> **Caption-style text data**:
-- -- --
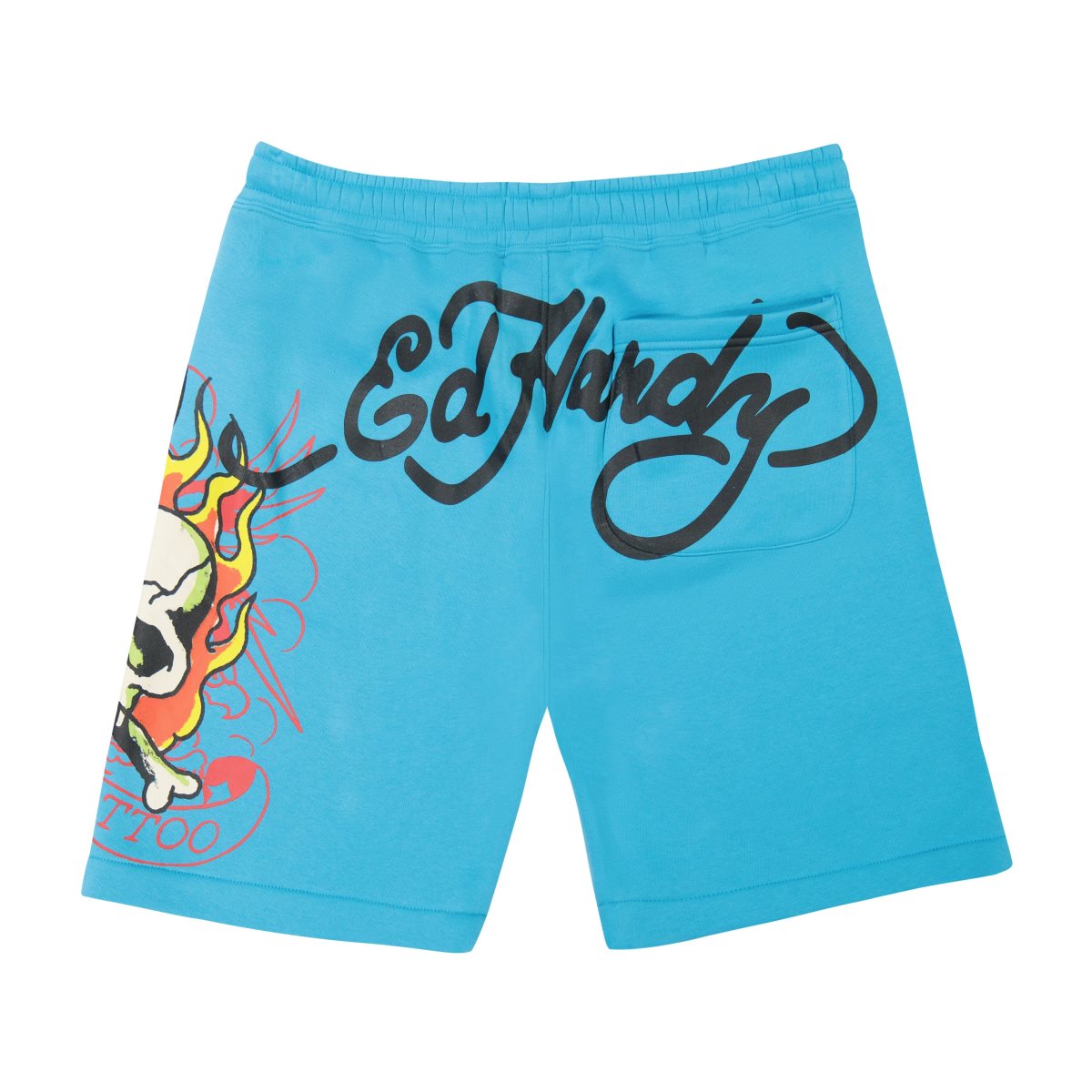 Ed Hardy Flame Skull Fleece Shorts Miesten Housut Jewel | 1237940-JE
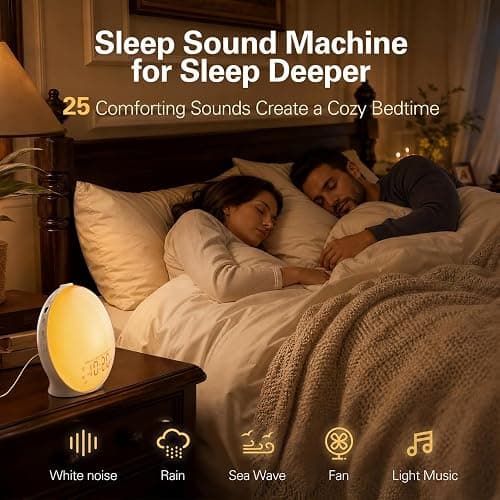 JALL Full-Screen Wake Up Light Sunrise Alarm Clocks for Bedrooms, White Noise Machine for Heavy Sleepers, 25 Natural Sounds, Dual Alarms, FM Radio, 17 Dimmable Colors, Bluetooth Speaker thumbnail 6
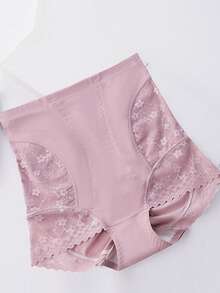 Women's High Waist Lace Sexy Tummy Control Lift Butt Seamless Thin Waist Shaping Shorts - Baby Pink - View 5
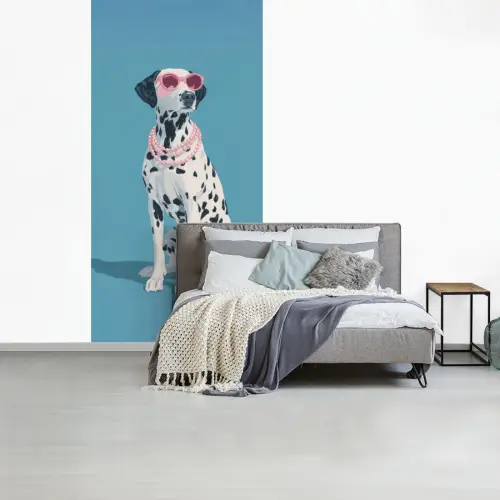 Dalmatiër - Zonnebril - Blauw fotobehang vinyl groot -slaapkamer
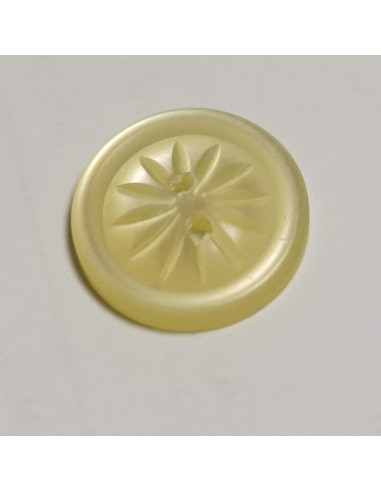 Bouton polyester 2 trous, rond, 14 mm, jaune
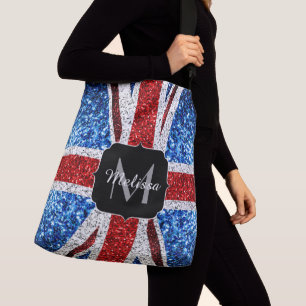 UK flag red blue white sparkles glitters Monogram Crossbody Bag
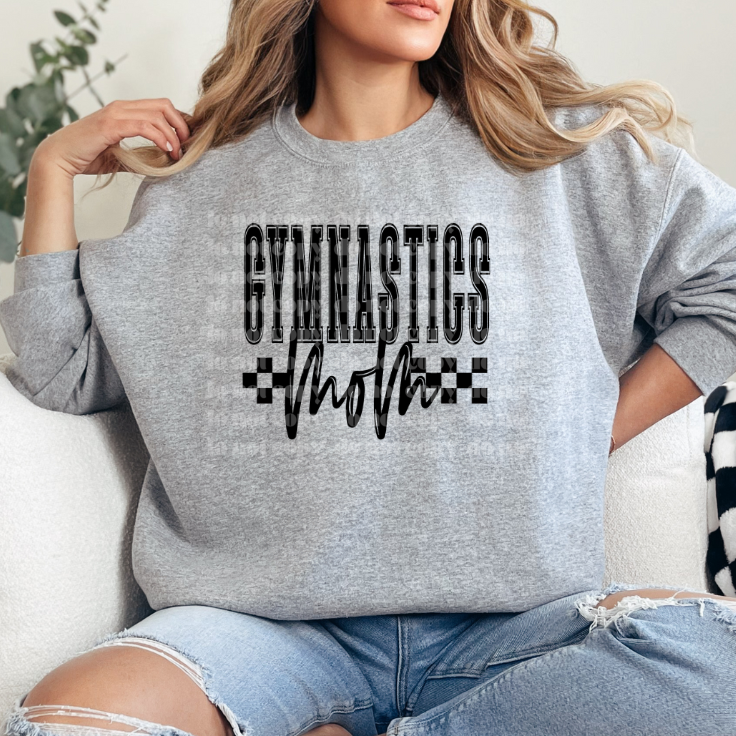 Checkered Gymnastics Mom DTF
-- -- --
> **EXERCISE INSTRUCTIONS**: With images excluded, write the records above out again exactly.

> **EXPECTED ANSWER**:
 Ed Hardy Flame Skull Fleece Shorts Miesten Housut Jewel | 1237940-JE
 JALL Full-Screen Wake Up Light Sunrise Alarm Clocks for Bedrooms, White Noise Machine for Heavy Sleepers, 25 Natural Sounds, Dual Alarms, FM Radio, 17 Dimmable Colors, Bluetooth Speaker thumbnail 6
 Women's High Waist Lace Sexy Tummy Control Lift Butt Seamless Thin Waist Shaping Shorts - Baby Pink - View 5
 Dalmatiër - Zonnebril - Blauw fotobehang vinyl groot -slaapkamer
 Bouton polyester 2 trous, rond, 14 mm, jaune
 UK flag red blue white sparkles glitters Monogram Crossbody Bag
 Checkered Gymnastics Mom DTF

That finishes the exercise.